#### AIM OF THE EXERCISE:
Each of the lines from the one that contains "TOMAR ELECTRONICS INC" to the end of the entries below should be output exactly.

(Source data)
BEGIN

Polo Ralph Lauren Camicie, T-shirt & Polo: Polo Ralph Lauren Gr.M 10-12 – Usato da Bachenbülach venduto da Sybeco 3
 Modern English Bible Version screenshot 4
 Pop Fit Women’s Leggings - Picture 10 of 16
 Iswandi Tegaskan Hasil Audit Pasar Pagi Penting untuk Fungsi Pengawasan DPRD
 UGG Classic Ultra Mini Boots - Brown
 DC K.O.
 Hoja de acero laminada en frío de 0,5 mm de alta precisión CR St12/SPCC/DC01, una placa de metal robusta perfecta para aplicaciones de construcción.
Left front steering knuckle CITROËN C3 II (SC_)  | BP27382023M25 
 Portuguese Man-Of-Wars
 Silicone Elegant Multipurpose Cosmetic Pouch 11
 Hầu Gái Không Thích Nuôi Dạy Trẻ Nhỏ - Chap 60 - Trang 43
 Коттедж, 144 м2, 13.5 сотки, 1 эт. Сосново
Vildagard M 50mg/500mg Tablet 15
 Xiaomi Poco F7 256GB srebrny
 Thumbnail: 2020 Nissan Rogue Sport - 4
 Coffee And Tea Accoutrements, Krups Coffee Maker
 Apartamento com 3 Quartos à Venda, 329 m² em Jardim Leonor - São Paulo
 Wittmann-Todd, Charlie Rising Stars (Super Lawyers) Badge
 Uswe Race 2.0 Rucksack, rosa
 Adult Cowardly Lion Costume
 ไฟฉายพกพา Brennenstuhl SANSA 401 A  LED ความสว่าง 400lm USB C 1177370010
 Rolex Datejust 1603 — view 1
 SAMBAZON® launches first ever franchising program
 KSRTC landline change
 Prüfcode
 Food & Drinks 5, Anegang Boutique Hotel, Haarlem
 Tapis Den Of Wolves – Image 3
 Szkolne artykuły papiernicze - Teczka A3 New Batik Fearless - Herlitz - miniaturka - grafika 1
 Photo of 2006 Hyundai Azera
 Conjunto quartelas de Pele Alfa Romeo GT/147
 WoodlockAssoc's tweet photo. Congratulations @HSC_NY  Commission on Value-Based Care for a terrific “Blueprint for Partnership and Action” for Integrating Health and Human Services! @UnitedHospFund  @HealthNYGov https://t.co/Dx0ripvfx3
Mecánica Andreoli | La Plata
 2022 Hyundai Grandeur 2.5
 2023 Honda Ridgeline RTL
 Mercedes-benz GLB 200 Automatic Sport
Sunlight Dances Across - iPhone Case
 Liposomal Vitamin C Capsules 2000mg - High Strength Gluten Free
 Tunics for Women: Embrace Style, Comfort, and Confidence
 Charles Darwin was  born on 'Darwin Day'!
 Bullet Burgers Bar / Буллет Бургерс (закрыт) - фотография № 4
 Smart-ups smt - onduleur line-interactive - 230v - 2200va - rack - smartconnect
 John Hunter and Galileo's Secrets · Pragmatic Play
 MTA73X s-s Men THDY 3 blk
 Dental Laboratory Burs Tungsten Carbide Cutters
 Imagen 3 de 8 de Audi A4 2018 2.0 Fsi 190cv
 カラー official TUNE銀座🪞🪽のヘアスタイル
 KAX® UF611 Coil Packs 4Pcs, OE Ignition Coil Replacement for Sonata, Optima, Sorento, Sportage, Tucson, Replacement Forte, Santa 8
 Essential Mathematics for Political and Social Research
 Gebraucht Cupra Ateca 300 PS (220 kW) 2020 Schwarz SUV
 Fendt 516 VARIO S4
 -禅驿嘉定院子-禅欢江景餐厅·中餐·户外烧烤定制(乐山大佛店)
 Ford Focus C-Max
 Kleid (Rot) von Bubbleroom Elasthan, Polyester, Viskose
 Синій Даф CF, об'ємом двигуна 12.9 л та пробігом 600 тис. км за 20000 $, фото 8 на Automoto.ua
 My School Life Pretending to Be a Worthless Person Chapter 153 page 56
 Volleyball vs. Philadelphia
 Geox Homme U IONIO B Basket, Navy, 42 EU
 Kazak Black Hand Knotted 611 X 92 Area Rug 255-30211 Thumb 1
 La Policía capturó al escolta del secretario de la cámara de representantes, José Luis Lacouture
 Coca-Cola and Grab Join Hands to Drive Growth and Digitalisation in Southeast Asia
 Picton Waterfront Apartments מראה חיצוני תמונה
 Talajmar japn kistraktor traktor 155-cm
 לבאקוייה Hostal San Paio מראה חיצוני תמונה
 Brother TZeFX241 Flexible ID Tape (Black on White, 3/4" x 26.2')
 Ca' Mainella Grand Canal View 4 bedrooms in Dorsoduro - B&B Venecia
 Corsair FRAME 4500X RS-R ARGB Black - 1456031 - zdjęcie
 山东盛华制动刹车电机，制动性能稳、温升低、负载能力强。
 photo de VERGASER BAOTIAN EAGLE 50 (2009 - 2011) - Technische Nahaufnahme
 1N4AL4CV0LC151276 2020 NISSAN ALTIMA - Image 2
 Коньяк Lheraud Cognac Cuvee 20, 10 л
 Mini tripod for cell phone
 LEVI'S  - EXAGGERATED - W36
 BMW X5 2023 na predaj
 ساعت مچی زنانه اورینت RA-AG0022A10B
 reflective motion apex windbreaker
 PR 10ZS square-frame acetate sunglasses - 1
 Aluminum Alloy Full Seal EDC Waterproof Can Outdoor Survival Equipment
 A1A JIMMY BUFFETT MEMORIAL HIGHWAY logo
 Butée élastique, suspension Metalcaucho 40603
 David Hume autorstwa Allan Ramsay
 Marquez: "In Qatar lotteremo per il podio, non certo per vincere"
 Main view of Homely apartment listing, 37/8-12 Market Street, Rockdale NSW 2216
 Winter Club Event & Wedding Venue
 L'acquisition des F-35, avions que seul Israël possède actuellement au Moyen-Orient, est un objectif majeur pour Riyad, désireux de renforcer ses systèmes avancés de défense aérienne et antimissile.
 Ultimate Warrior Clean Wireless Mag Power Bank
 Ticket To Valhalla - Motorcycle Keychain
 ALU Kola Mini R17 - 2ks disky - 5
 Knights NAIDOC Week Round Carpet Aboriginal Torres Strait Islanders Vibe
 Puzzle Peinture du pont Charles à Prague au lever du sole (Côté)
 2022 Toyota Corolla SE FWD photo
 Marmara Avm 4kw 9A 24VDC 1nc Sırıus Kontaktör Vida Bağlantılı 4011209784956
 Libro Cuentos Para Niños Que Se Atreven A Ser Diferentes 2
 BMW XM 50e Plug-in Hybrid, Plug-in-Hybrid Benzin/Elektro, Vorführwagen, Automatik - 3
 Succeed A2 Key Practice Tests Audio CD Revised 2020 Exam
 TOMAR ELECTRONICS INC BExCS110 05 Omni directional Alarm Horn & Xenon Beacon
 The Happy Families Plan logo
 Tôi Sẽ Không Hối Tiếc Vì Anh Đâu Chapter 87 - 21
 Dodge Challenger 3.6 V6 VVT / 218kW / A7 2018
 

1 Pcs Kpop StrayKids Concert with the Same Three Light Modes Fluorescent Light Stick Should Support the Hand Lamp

END

#### WRITTEN RESPONSE:
 TOMAR ELECTRONICS INC BExCS110 05 Omni directional Alarm Horn & Xenon Beacon
 The Happy Families Plan logo
 Tôi Sẽ Không Hối Tiếc Vì Anh Đâu Chapter 87 - 21
 Dodge Challenger 3.6 V6 VVT / 218kW / A7 2018
 

1 Pcs Kpop StrayKids Concert with the Same Three Light Modes Fluorescent Light Stick Should Support the Hand Lamp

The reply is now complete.